═══ DATA FOR ANALYSIS ═══

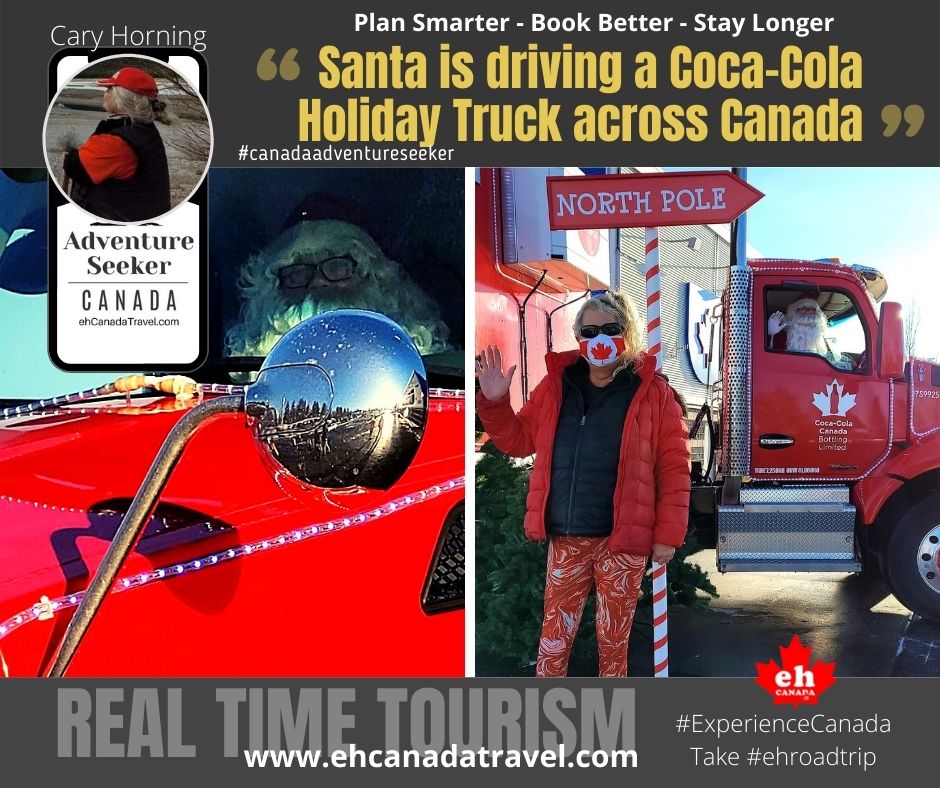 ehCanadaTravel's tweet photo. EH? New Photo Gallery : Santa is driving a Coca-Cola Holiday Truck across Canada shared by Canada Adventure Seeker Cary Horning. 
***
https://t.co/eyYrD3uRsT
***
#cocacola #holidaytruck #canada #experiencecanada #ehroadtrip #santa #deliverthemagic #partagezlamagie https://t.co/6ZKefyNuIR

═══
═══ DATA FOR ANALYSIS ═══

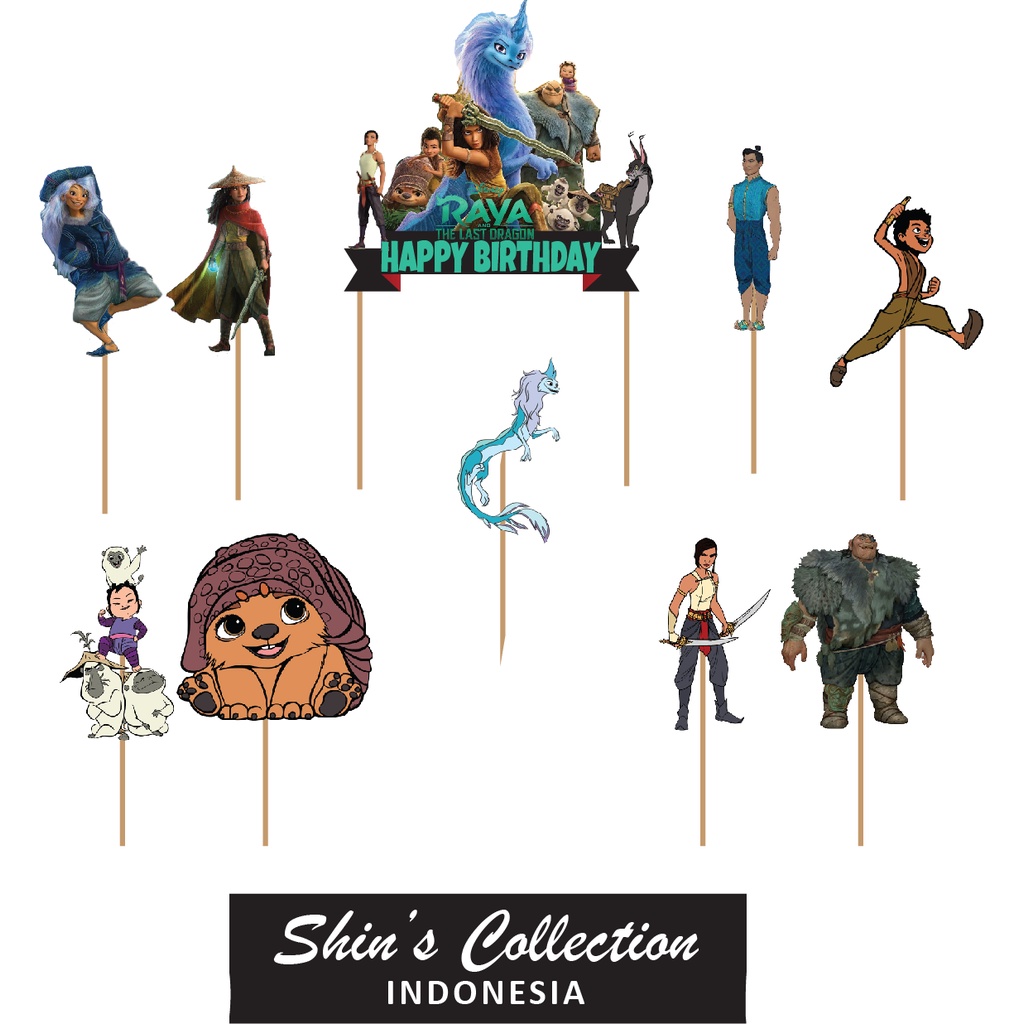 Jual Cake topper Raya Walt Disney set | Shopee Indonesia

═══

* WORK REQUIRED *
Look above for the line with "ehCanadaTravel's tweet photo." and the line with "#cocacola #holidaytruck #canada"; set down those two lines and all lines between them exactly, without pictures and without anything else.

* SOLVED PROBLEM *
 ehCanadaTravel's tweet photo. EH? New Photo Gallery : Santa is driving a Coca-Cola Holiday Truck across Canada shared by Canada Adventure Seeker Cary Horning. 
***
https://t.co/eyYrD3uRsT
***
#cocacola #holidaytruck #canada #experiencecanada #ehroadtrip #santa #deliverthemagic #partagezlamagie https://t.co/6ZKefyNuIR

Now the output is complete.